With a teammate at second base, Detroit’s Jhonny Peralta grounded into a fielder’s choice out to Callaspo to end the game.
The Angels (77-63) sliced a half-game off their pursuit of an American League wild-card spot. They trail Baltimore by 1 1/2 games with 22 games remaining.
For the second consecutive game, Angels center fielder Mike Trout opened the first inning with a home run – a powerful blast just right of dead center off Detroit starter Anibal Sanchez.
Trout’s leadoff homer was his 27th from the spot, breaking the team record accomplished by Tony Phillips in 1995 and Brian Downing in 1982.
The Angels extended the lead to 3-0 in the second when Erick Aybar singled to right and Callaspo slugged his ninth homer of the season, over the right-field wall.
Sanchez (2-5), acquired like Greinke for the pennant race from the Miami Marlins on July 23, had given up just two earned runs in his previous 19 2/3 innings over three starts.
Greinke (5-2) won the battle by exhibiting precise control of an arsenal that included a wicked curve that made Detroit’s No. 5 hitter Delmon Young look foolish when he tried chasing it and struck out to close the fourth inning.
Greinke struck out seven.
His biggest miscue was a 3-2 pitch to Detroit’s Andy Dirks that the left-handed batter smacked over the wall in right field in the fourth inning.
The Tigers edged within 3-2 in the seventh when shortstop Aybar bounced a throw to the Tigers’ dugout on Young’s infield single toward the third-base side, and Brennan Boesch followed with a run-scoring double to left.
In the eighth, Jepsen committed the Cardinal sin of a leadoff walk.

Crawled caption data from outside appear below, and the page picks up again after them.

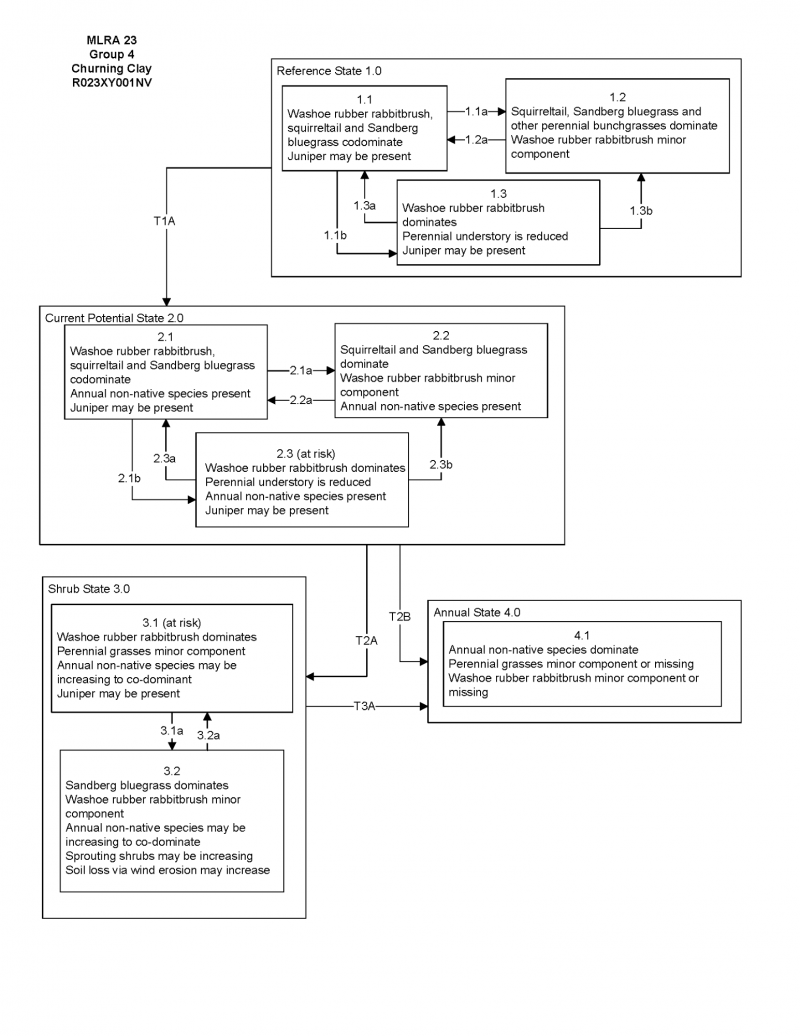 Model diagram
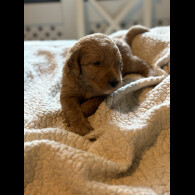 Labradoodle - Both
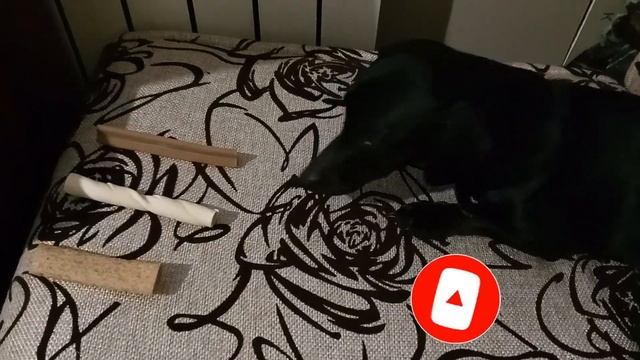 КУПИЛА разные ЛАКОМСТВА в ЗООМАГАЗИНЕ для СОБАКИ и КОТА\ Кто что выберет?\Собака РАДА коту ВСЕ-РАВН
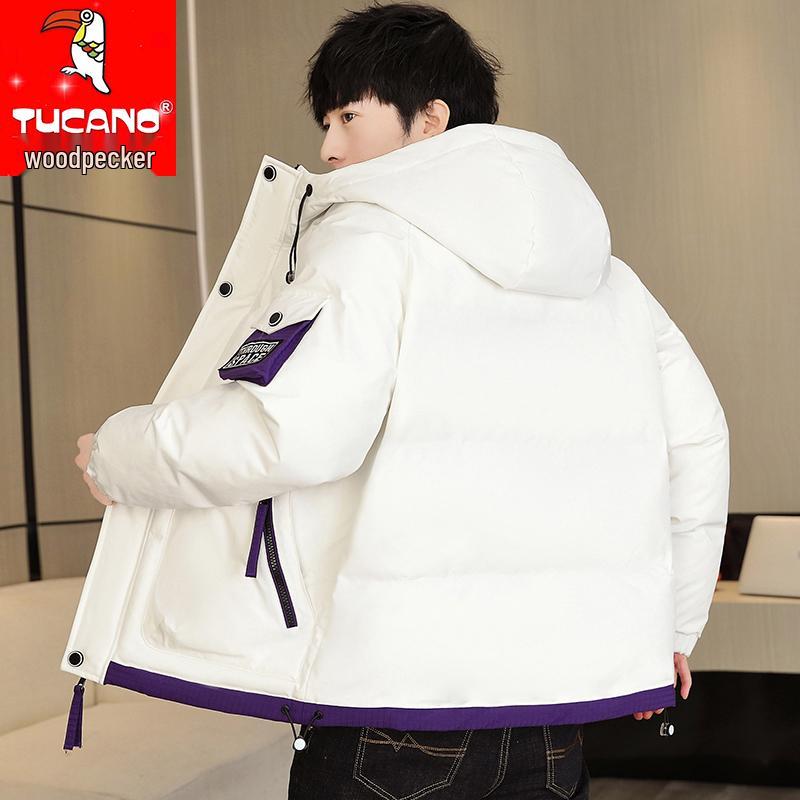 Kurtka zimowa męska Woodpecker 2025 z kapturem - Grubo watowana bawełną i ciepła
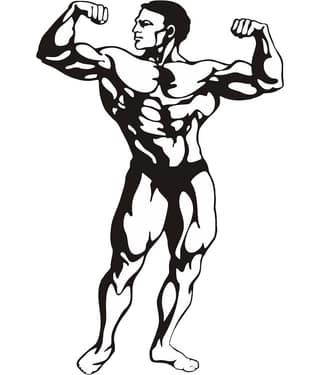 Asmi Collection Body Builder Wrestler Wall Stickers for Gym Sticker ( 40 x 60 cms )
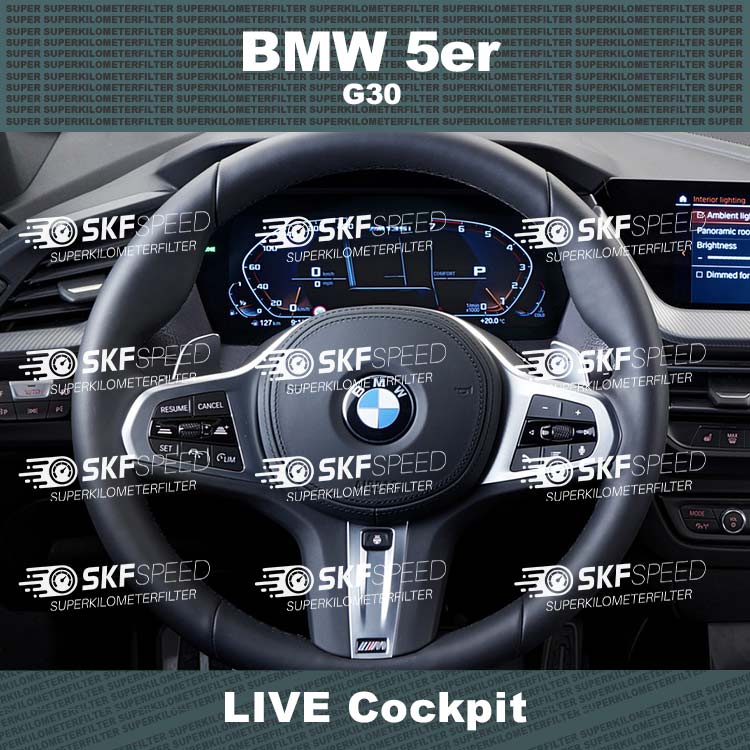 BMW-5er-G30-LIVE-Cockpit.jpg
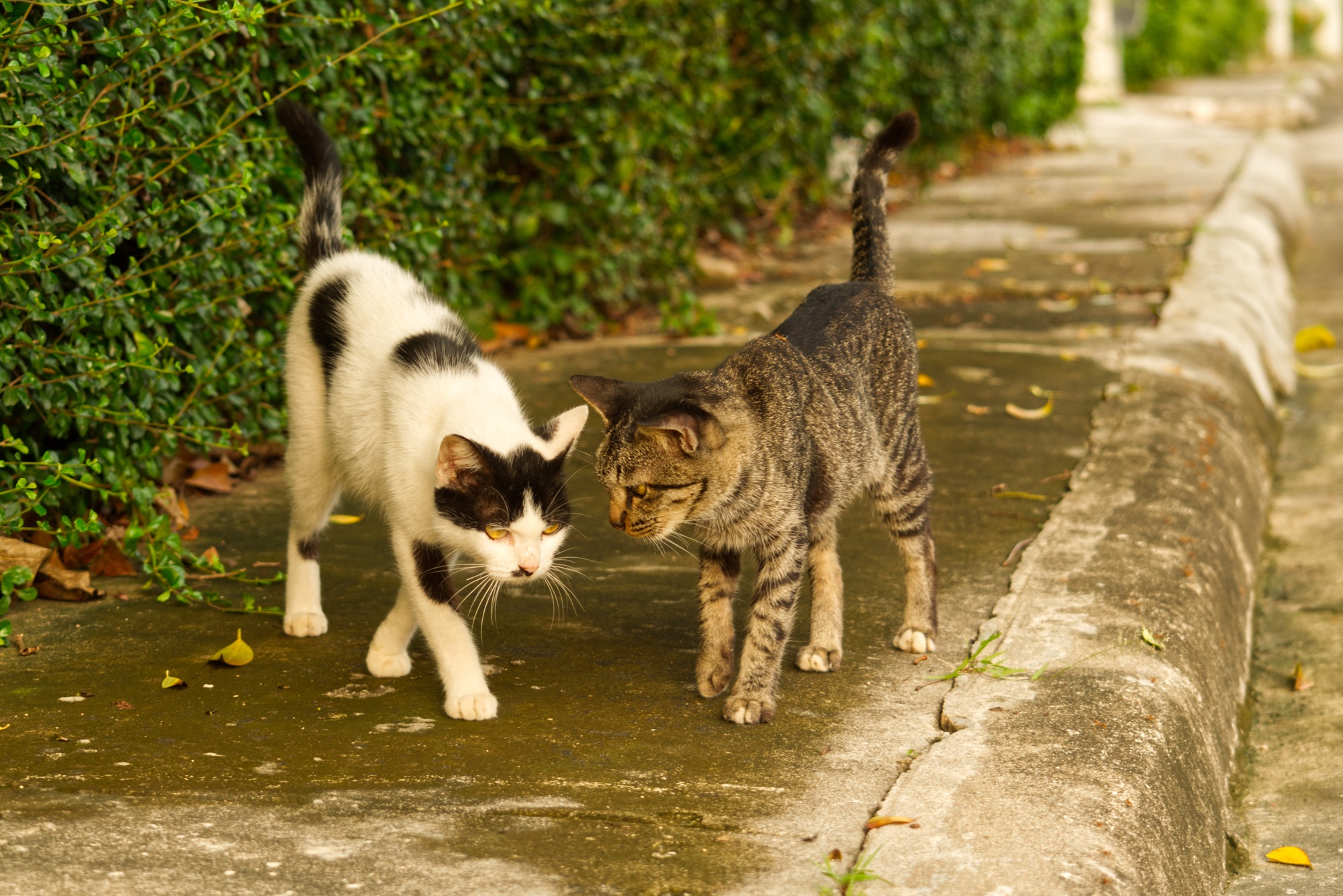 Beautiful view of two feral cats about to affectionately headbutt each other on a street sidewalk why do cats headbutt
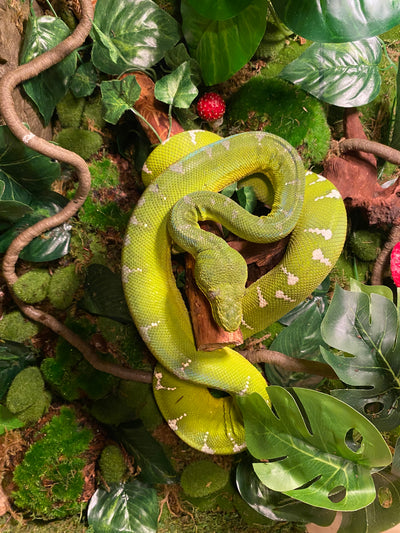 Emerald tree boa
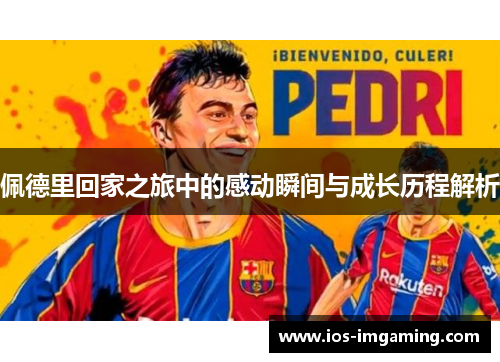 佩德里回家之旅中的感动瞬间与成长历程解析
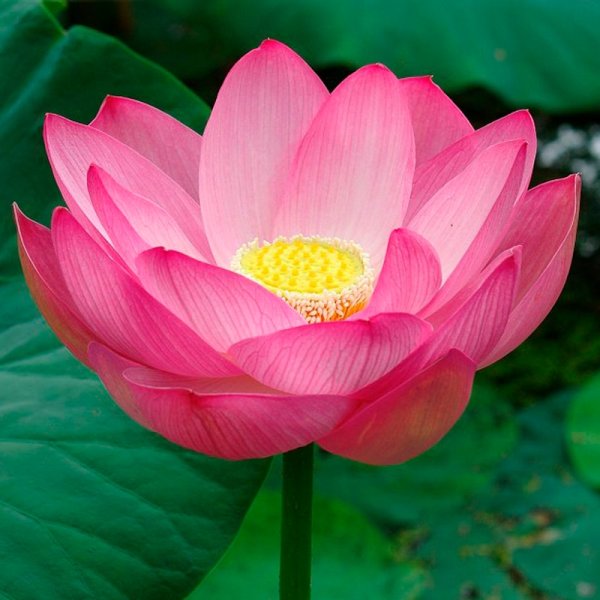 Лотос орехоносный Nelumbo nucifera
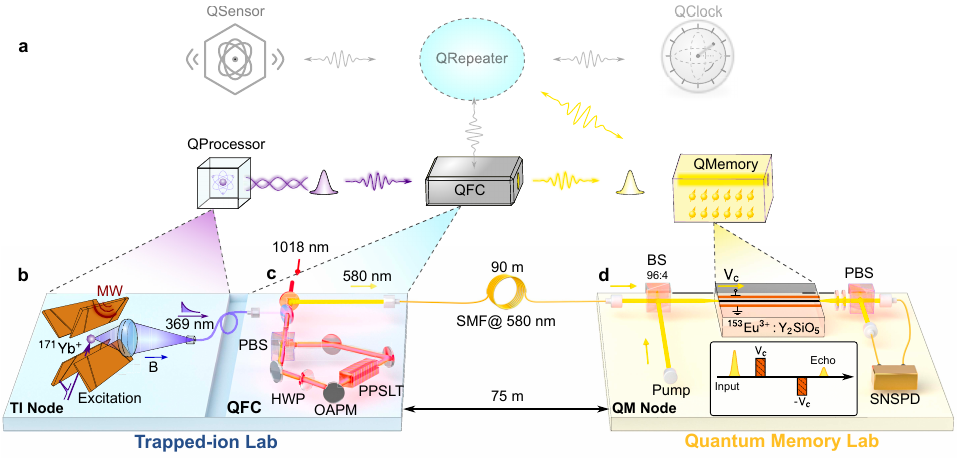 Hybrid-network architecture and the experimental link between a trapped-ion node and a solid-state quantum memory.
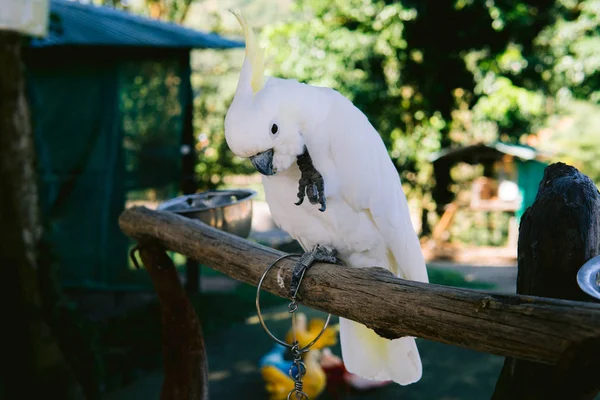 Wielka różowa tropikalna papuga siedząca na gałęzi w akcji. Tajlandia — Zdjęcie stockowe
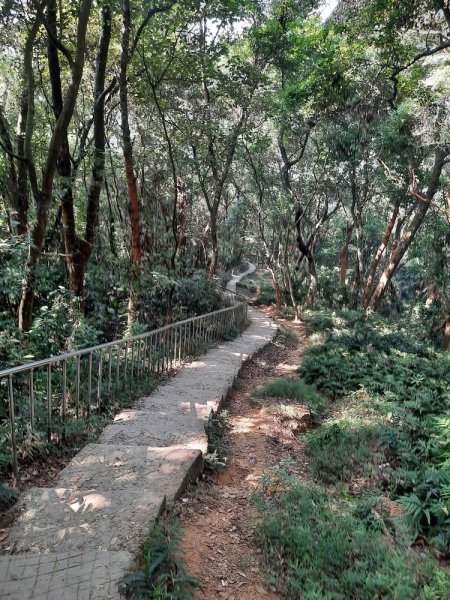 《彰化》田中森林登山步道O型202011221179761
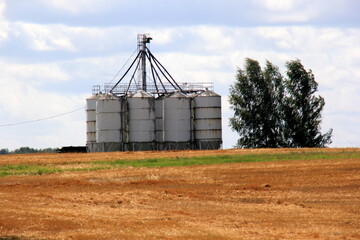Fototapeta na wymiar Grain warehouse. Old grain elevators in a field at sunset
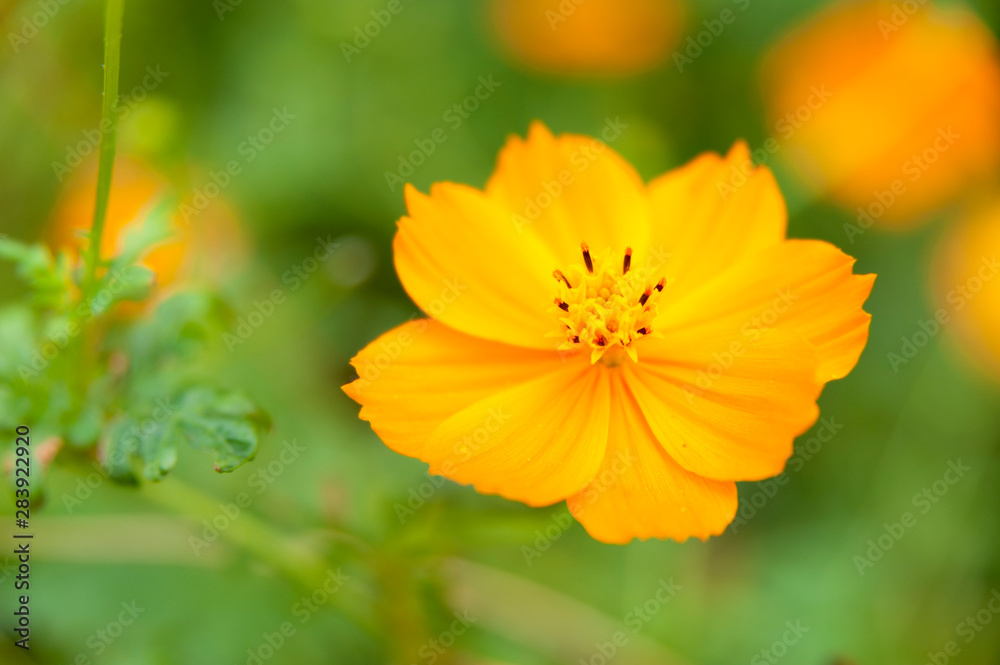 Cosmos sulphureus (sulphur cosmos). Beautiful flower in close-up. Copy space.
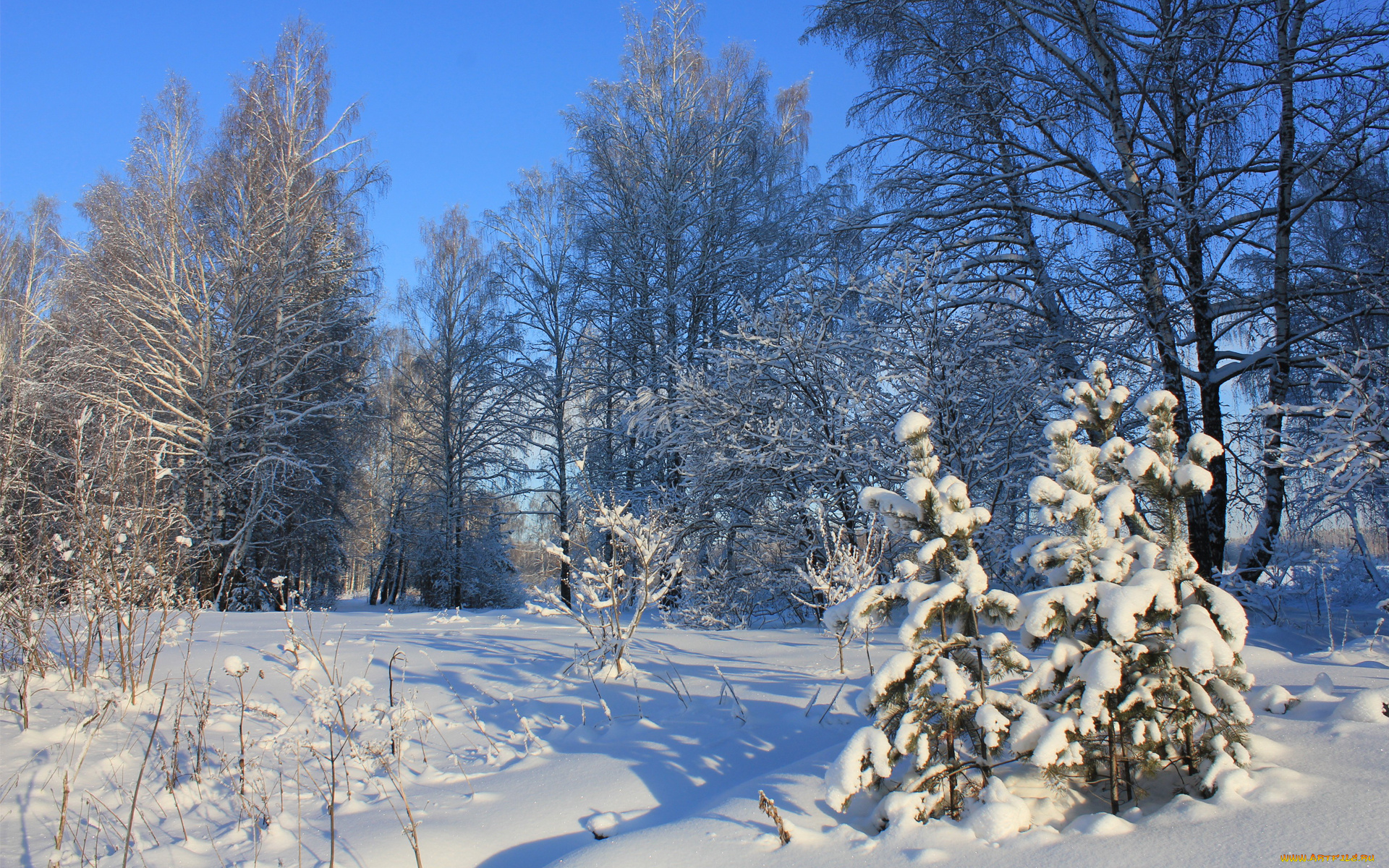 природа, зима, деревья, тени, ёлки, снег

A sacrifice bunt followed. But defensive-replacement center fielder Peter Bourjos tracked down and caught Austin Jackson’s flare to shallow center.
Closer Frieri was then summoned and struck out Dirks.
Detroit pressured Greinke in the sixth when speedy leadoff man Jackson singled and Dirks drew a 3-0 count that caused Greinke to snap his glove at the plate umpire after the ball-three call.
On the next pitch, Jackson tried to steal his 12th base, but catcher Chris Iannetta fired a throw that allowed Aybar to tag Jackson out by the slightest of measures.
A pitch later, Greinke unloaded a 75-mph pitch that caused Dirks to strike out swinging.